So sorry if I dont believe that you were actually looking for a good home for this horse.


----------



## neelie OAP (5 June 2013)

Jump Racing Rocks said:



			I know..... I live and work in Newmarket! And I have ex racers myself.
		
Click to expand...

Yes I agree these horses have surely won enough in their time to have a well earned happy retirement, I have one, she is the most beautiful kind creature and will never ever be for sale again, these horses have earned a decent retirement not sent to sales, and out of sight out of mind, I just hope this poor horse finds a forever home.


----------



## Ken slack (5 June 2013)

Coffey the two ladies who saw him entered in the sale ,are top class ,


----------



## Ken slack (5 June 2013)

Justabob,would you like to speak to me,send me a message and I will return with my mobile number


----------



## Ken slack (5 June 2013)

Amy may,the two ladies who rang this morning saw the horse advertised in the sale,one of the ladies already has a horse from darley,these are exactly the sorts of homes we try and secure,,both ladies made offers on the horse above or matching what we are receiving from darley,,,but once darley phoned I felt they must have first refusal,,,do you truly believe all horses sold at Doncaster or ascot or were ever end up in a happy place??we have been able to pick who our horses go too,or at the very least give them a chance,


----------



## justabob (5 June 2013)

Ken slack said:



			Justabob,would you like to speak to me,send me a message and I will return with my mobile number
		
Click to expand...

I have PMd you.


----------



## Ken slack (5 June 2013)

No sent ,I think,,,please call


----------



## Elf On A Shelf (5 June 2013)

Why are Darley BUYING a horse to reschool and rehome when they have more than enough yokes being kicked out of their racing opperation each year? Sorry for my skepticism.


----------



## Amymay (5 June 2013)

No, of course those sold through Ascot or Doncaster don't all end up in 'happy places'. But at least there's more of a chance for them than going through Kirby - especially the week before Abppleby.

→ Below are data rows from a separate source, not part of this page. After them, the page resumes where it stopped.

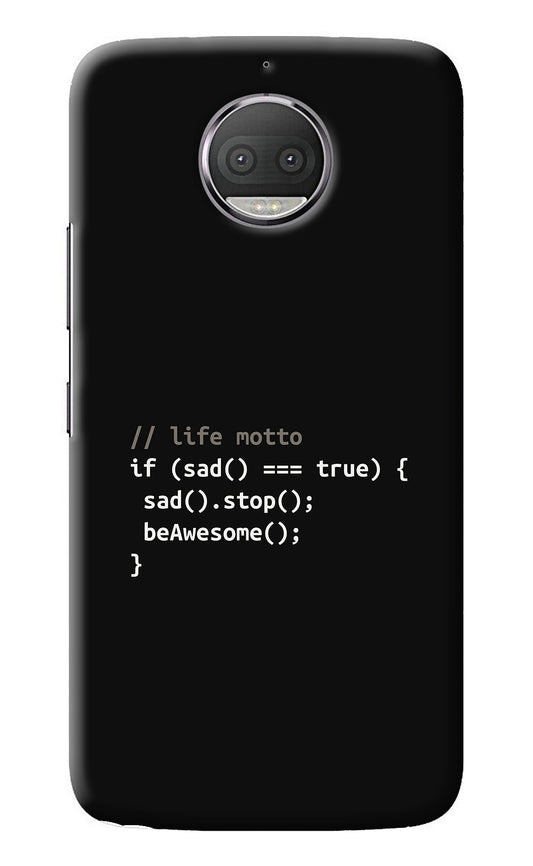 Life Motto Code Moto G5S plus Back Cover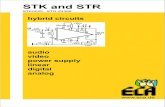 STK and STR - eca.de · audio video power supply linear digital analog. STK and ... Ihren guten Parametern und ihrer hohen Zuverlässigkeit verdanken die Hybrid-IC-Familien STK ...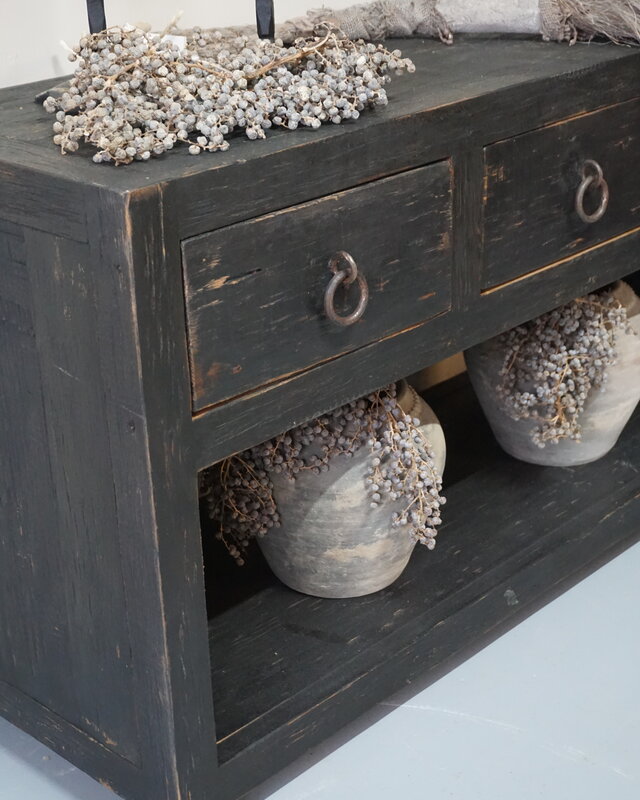 Rene Houtman Sidetable | Old Black | H65 x B120 x D40 cm
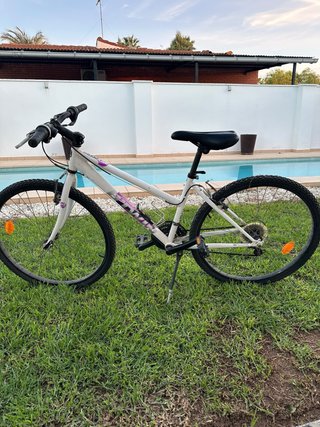 Bicicleta de Paseo Btwin Blanca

I couldn't be happier that Scriptwriter is off to Darley, and I wish him the happiest of retirements. 

It's just a shame it took a rather brief social media 'campaign' for that to happen.


----------



## Ken slack (5 June 2013)

Amy,he was going to a good home without all this fuss,


----------



## Amymay (5 June 2013)

Ah, well that's good news. Darley were obviously on board before entering him in the sale then.....


----------



## meandmyself (5 June 2013)

Ken slack said:



			Amy,he was going to a good home without all this fuss,
		
Click to expand...

Maybe I'm missing something here... why enter him in the sale if he already had a good home lined up?


----------



## Alec Swan (5 June 2013)

HHOers,  give the man a little room.  I'm not defending him,  in anyway,  and when reading the opening post,  as everyone else,  I honestly thought that a good servant deserved a better end than what appeared to be abandonment.  

When we hear of such sad tales as this,  climbing up on high horses,  and lecturing the owners isn't the way for progress to be made.  To Ken's credit he's bothered to open up a place on here,  and however clumsy he may have been he's offered explanations.  

The bottom line is that no matter how sad this tale is,  Scriptwriter is Ken's property and it's for him to decide the horse's end.  Suggestions and offers of help would make for a more acceptable resolve,  than criticism from behind a screen.

Ken,  whilst credit is due to you for facing up to the music(!),  had you accepted the offers made,  then this could have been resolved without rancour.  The disposal of spent racehorses will always be with us,  and I understand that not every racehorse can spend it's retirement skipping about in a field of daisies,  but when a horse such as yours,  has been such a good and loyal servant,  my view,  along with those of other's,  is that he deserves better treatment.

I suspect that it's fairly common for owners to want to re-home horses which retire from the track,  and I would think that there are a very high percentage which don't take to retirement,  or being hacked out,  or ending up as pets.

Ken,  I wish you well,  and hope that you will give clear thought to your future disposal plans.

Alec.


----------



## Elf On A Shelf (5 June 2013)

I sincerely wish the horse well and I hope this will be the end of a very unpleasant situation. 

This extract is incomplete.